Much of the appeal of time travel stories relates to, surprisingly, familiarity. We've learned (or at least used to learn) in school about the Trojan War, the French Revolution, the Titanic, Billy the Kid, etc. This show re-lived those tales with a modern-day twist. What would two modern-era men do in these historical events? Would they, could they, effect changes? Should they? The shows depicting historical events were best. When it tried some standard-fare sci-fi things, like trips into the future or outer space, the stories kind of plodded along and floundered.
But...some suspension of disbelief is a must if you watch this show. First, why did the time travellers have to end up in every episode in the middle of some dangerous, terrifying, world-shaking event? Why did they never appear in my quiet backyard back in the 1950s in suburban New Jersey, or out on a farm in Kokomo, Indiana? They would have saved themselves a lot of wear and tear. Oh, but, then we wouldn't have much of a show, right? Ah. Somehow, the stars always managed to get cleaned up and a set of fresh clothes just in time to make their next time leap, no matter how badly tattered and torn they were from their current misadventure. Pretty neat, that. I wish I had one of those when I wake up at 6 a.m. But, hey, if you can make a time machine, its probably no big deal to throw in an instant clothes changer and time traveller touch-up device. Lets not be square, play along with the gag and we'll enjoy the show more.
You'll recognize many of the cast. James Darren of course was the teenage heartthrob of the early '60s as Gidget's boyfriend. Sci-fi stalwarts Whit Bissel and John Zaremba reprise familiar characters. And Lee Meriwether adds some nice eye candy as the comely and brainy project scientist.
For its time, the Tunnel featured some nifty gadgets, although some of them were borrowed for/from and used in contemporary shows like Batman and Voyage to the Bottom of the Sea. Those ancient mainframe-style computer banks look awfully familiar from different shows. But, hey, this was the '60s, and those were pretty modern back then.

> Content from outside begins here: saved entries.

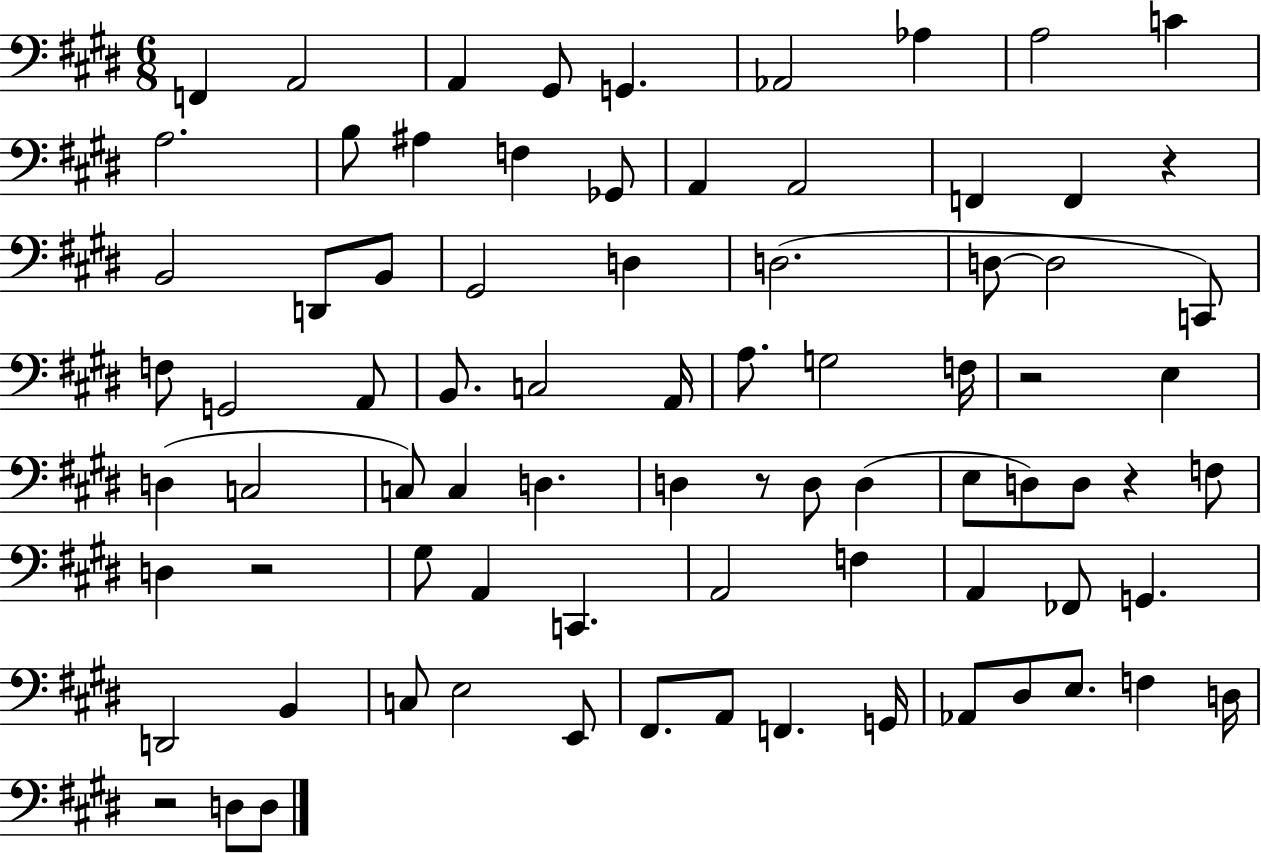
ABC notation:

X:1
T:Untitled
M:6/8
L:1/4
K:E
F,, A,,2 A,, ^G,,/2 G,, _A,,2 _A, A,2 C A,2 B,/2 ^A, F, _G,,/2 A,, A,,2 F,, F,, z B,,2 D,,/2 B,,/2 ^G,,2 D, D,2 D,/2 D,2 C,,/2 F,/2 G,,2 A,,/2 B,,/2 C,2 A,,/4 A,/2 G,2 F,/4 z2 E, D, C,2 C,/2 C, D, D, z/2 D,/2 D, E,/2 D,/2 D,/2 z F,/2 D, z2 ^G,/2 A,, C,, A,,2 F, A,, _F,,/2 G,, D,,2 B,, C,/2 E,2 E,,/2 ^F,,/2 A,,/2 F,, G,,/4 _A,,/2 ^D,/2 E,/2 F, D,/4 z2 D,/2 D,/2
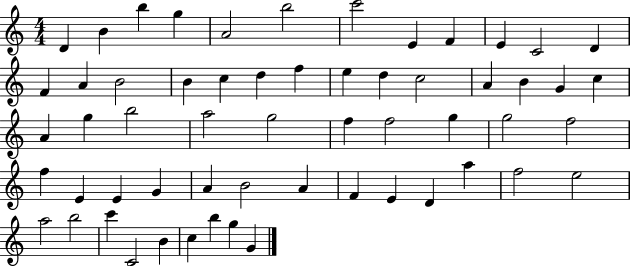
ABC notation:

X:1
T:Untitled
M:4/4
L:1/4
K:C
D B b g A2 b2 c'2 E F E C2 D F A B2 B c d f e d c2 A B G c A g b2 a2 g2 f f2 g g2 f2 f E E G A B2 A F E D a f2 e2 a2 b2 c' C2 B c b g G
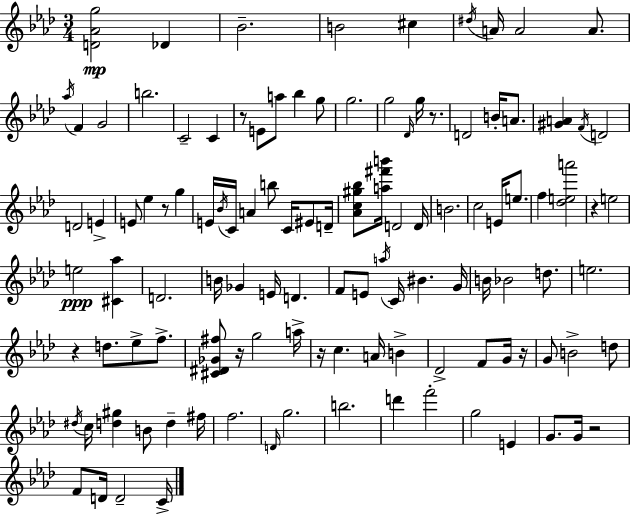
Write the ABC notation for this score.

X:1
T:Untitled
M:3/4
L:1/4
K:Fm
[D_Ag]2 _D _B2 B2 ^c ^d/4 A/4 A2 A/2 _a/4 F G2 b2 C2 C z/2 E/2 a/2 _b g/2 g2 g2 _D/4 g/4 z/2 D2 B/4 A/2 [^GA] F/4 D2 D2 E E/2 _e z/2 g E/4 _B/4 C/4 A b/2 C/4 ^E/2 D/4 [_Ac^g_b]/2 [a^f'b']/4 D2 D/4 B2 c2 E/4 e/2 f [_dea']2 z e2 e2 [^C_a] D2 B/4 _G E/4 D F/2 E/2 a/4 C/4 ^B G/4 B/4 _B2 d/2 e2 z d/2 _e/2 f/2 [^C^D_G^f]/2 z/4 g2 a/4 z/4 c A/4 B _D2 F/2 G/4 z/4 G/2 B2 d/2 ^d/4 c/4 [d^g] B/2 d ^f/4 f2 D/4 g2 b2 d' f'2 g2 E G/2 G/4 z2 F/2 D/4 D2 C/4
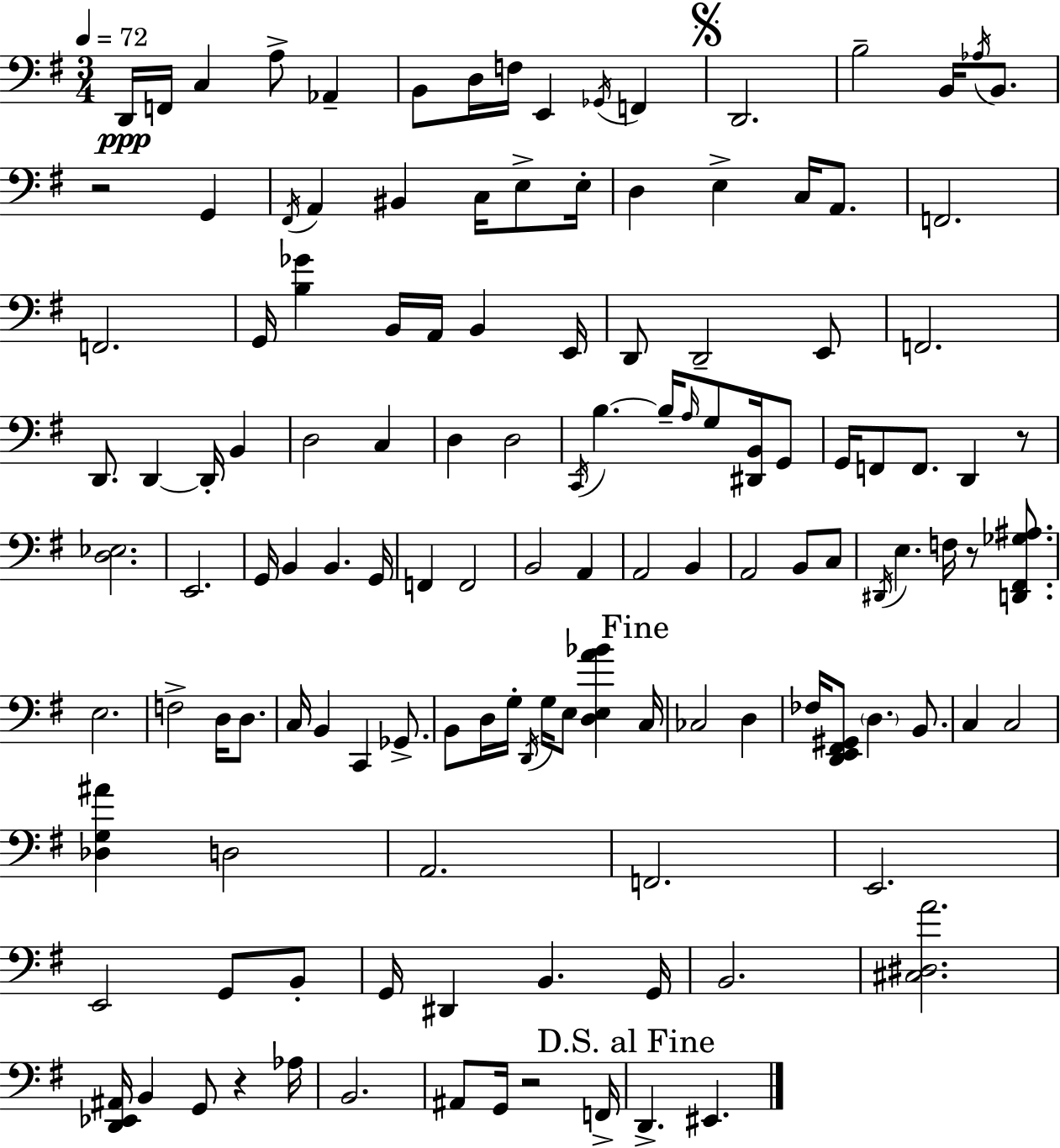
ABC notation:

X:1
T:Untitled
M:3/4
L:1/4
K:G
D,,/4 F,,/4 C, A,/2 _A,, B,,/2 D,/4 F,/4 E,, _G,,/4 F,, D,,2 B,2 B,,/4 _A,/4 B,,/2 z2 G,, ^F,,/4 A,, ^B,, C,/4 E,/2 E,/4 D, E, C,/4 A,,/2 F,,2 F,,2 G,,/4 [B,_G] B,,/4 A,,/4 B,, E,,/4 D,,/2 D,,2 E,,/2 F,,2 D,,/2 D,, D,,/4 B,, D,2 C, D, D,2 C,,/4 B, B,/4 A,/4 G,/2 [^D,,B,,]/4 G,,/2 G,,/4 F,,/2 F,,/2 D,, z/2 [D,_E,]2 E,,2 G,,/4 B,, B,, G,,/4 F,, F,,2 B,,2 A,, A,,2 B,, A,,2 B,,/2 C,/2 ^D,,/4 E, F,/4 z/2 [D,,^F,,_G,^A,]/2 E,2 F,2 D,/4 D,/2 C,/4 B,, C,, _G,,/2 B,,/2 D,/4 G,/4 D,,/4 G,/4 E,/2 [D,E,A_B] C,/4 _C,2 D, _F,/4 [D,,E,,^F,,^G,,]/2 D, B,,/2 C, C,2 [_D,G,^A] D,2 A,,2 F,,2 E,,2 E,,2 G,,/2 B,,/2 G,,/4 ^D,, B,, G,,/4 B,,2 [^C,^D,A]2 [D,,_E,,^A,,]/4 B,, G,,/2 z _A,/4 B,,2 ^A,,/2 G,,/4 z2 F,,/4 D,, ^E,,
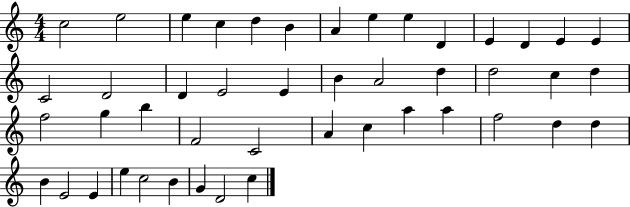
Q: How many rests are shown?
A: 0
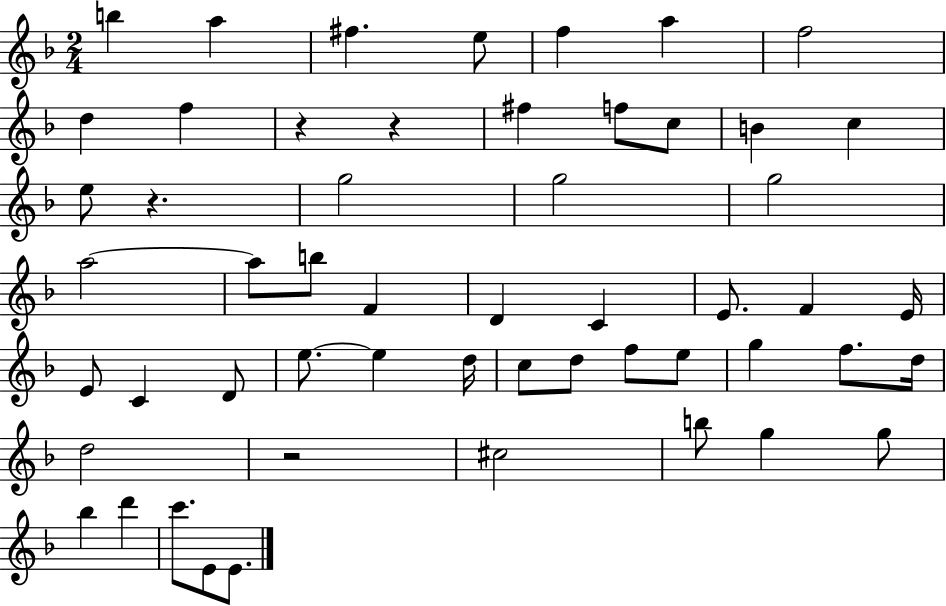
{
  \clef treble
  \numericTimeSignature
  \time 2/4
  \key f \major
  b''4 a''4 | fis''4. e''8 | f''4 a''4 | f''2 | \break d''4 f''4 | r4 r4 | fis''4 f''8 c''8 | b'4 c''4 | \break e''8 r4. | g''2 | g''2 | g''2 | \break a''2~~ | a''8 b''8 f'4 | d'4 c'4 | e'8. f'4 e'16 | \break e'8 c'4 d'8 | e''8.~~ e''4 d''16 | c''8 d''8 f''8 e''8 | g''4 f''8. d''16 | \break d''2 | r2 | cis''2 | b''8 g''4 g''8 | \break bes''4 d'''4 | c'''8. e'8 e'8. | \bar "|."
}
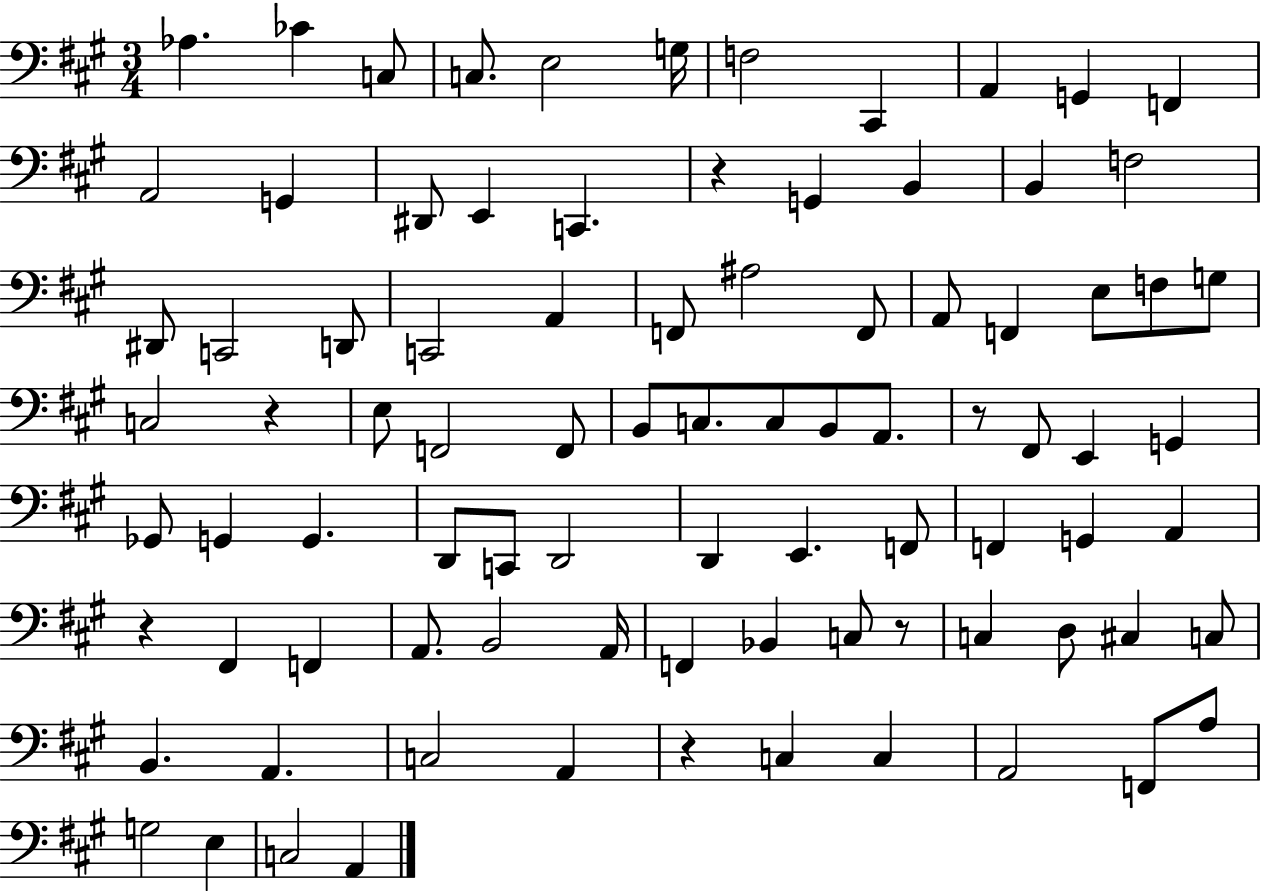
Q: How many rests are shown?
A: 6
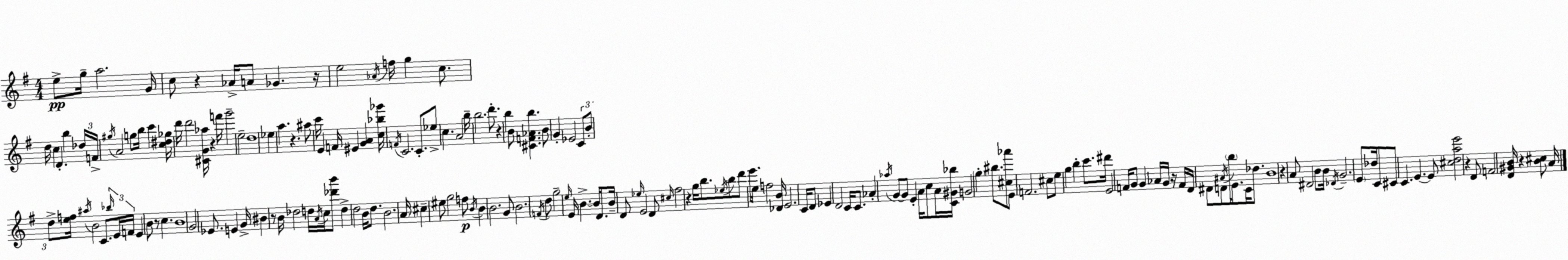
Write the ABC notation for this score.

X:1
T:Untitled
M:4/4
L:1/4
K:Em
e/2 g/4 a2 G/4 c/2 z _A/4 A/2 _G z/4 e2 _A/4 f/4 g c/2 d/4 c D b _d/4 F/4 ^g/4 A2 g/2 b/4 c' [c^d_g]/4 d'/4 d'2 [^CG_a]/4 z f'/4 g'2 e2 d4 _e a z ^a/2 c'/4 E F/4 ^E [GA] [c_b_g']/4 F/4 C2 C/2 _e/2 c A2 b/4 b2 d'/2 z b B/2 [^CF_Ab] B/2 G _E2 C/2 B/2 d/2 [ef]/4 ^a/4 B2 C/2 _b/4 E/4 F/4 E B/2 z/2 c B4 G2 _E/2 E G/4 ^B z/2 B/4 _d2 d/4 A/4 c/4 [_d'b']/2 d d2 B/4 d/2 B2 A/4 ^c ^e/2 g2 f/2 B/4 B B2 G/2 B2 F/4 d/2 g2 e/4 E/4 B B/4 D/2 B/4 D/2 _e/4 E2 D/2 ^c/4 ^f2 z g/4 b/2 _e/4 b/2 d'/2 e'/2 e/4 f2 [_DB]/4 E2 C/4 D/2 _E D2 C/4 C/2 _A _a/4 G/2 G/2 E A/4 c/2 A/4 [C^G_b]/4 G2 g ^b/2 [^c_a']/2 E/2 F2 ^c/2 e/2 g b c'/2 ^d'/4 E2 F/4 G/2 G _A/4 G/4 z/4 F/4 D/4 ^D/2 D/2 ^A/4 b/4 E/2 C/4 _d/2 B4 z A/2 ^D2 B/2 B/4 _D/4 G2 E/2 _d/4 C/2 ^C/2 C E E/2 [^cdae']2 z D/2 F2 [D^GB]/4 z [B^c]/2 A/4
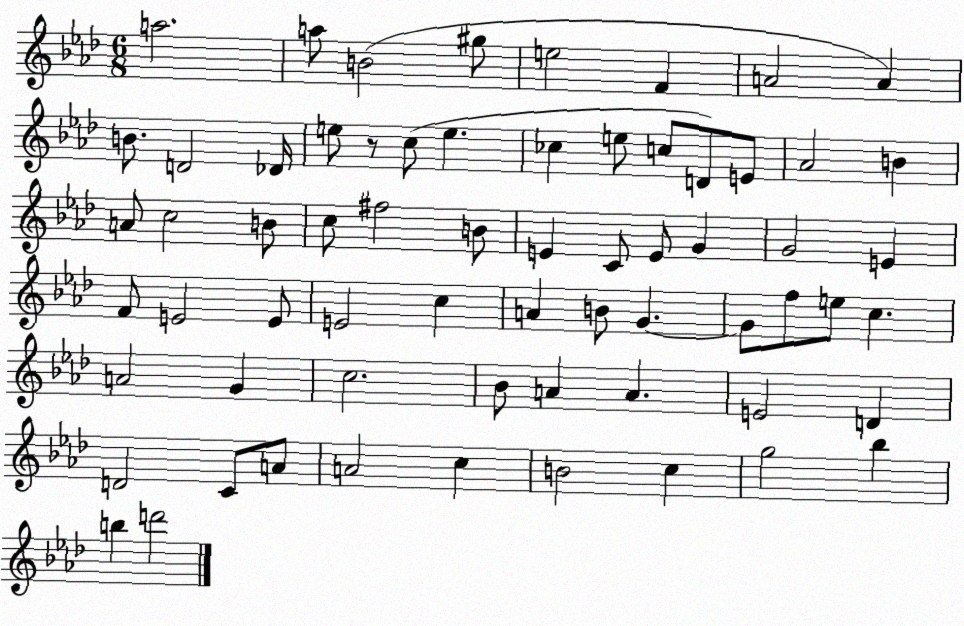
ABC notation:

X:1
T:Untitled
M:6/8
L:1/4
K:Ab
a2 a/2 B2 ^g/2 e2 F A2 A B/2 D2 _D/4 e/2 z/2 c/2 e _c e/2 c/2 D/2 E/2 _A2 B A/2 c2 B/2 c/2 ^f2 B/2 E C/2 E/2 G G2 E F/2 E2 E/2 E2 c A B/2 G G/2 f/2 e/2 c A2 G c2 _B/2 A A E2 D D2 C/2 A/2 A2 c B2 c g2 _b b d'2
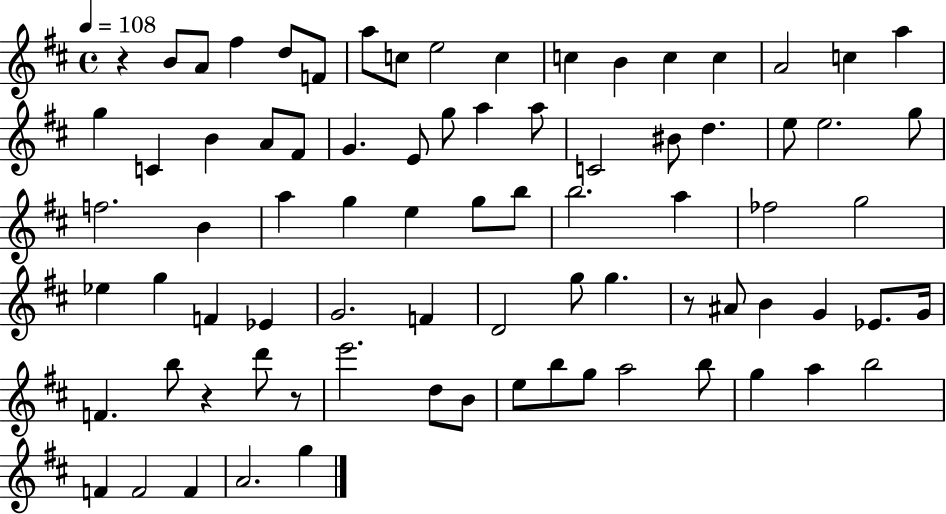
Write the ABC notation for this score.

X:1
T:Untitled
M:4/4
L:1/4
K:D
z B/2 A/2 ^f d/2 F/2 a/2 c/2 e2 c c B c c A2 c a g C B A/2 ^F/2 G E/2 g/2 a a/2 C2 ^B/2 d e/2 e2 g/2 f2 B a g e g/2 b/2 b2 a _f2 g2 _e g F _E G2 F D2 g/2 g z/2 ^A/2 B G _E/2 G/4 F b/2 z d'/2 z/2 e'2 d/2 B/2 e/2 b/2 g/2 a2 b/2 g a b2 F F2 F A2 g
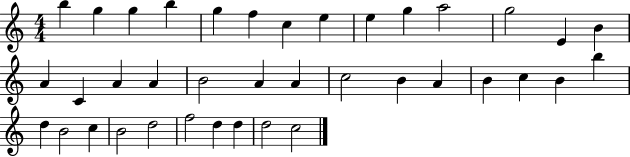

The Tunnel itself was quite striking, appearing to fade off into infinity when activated thanks to the magic of matte art and decent camera work. I've heard that the show's producers originally tried for a "time vortex" effect, showing clips of stock film footage from different eras speeding by the viewer as the time travelers made another leap in time. But when they tried it the effect looked more like a blurry version of brown pea soup. So they opted for the pop-art Tunnel, with very nice results.
Overall, a good sci fi effort from the mid '60s, for those who remember such a time fondly.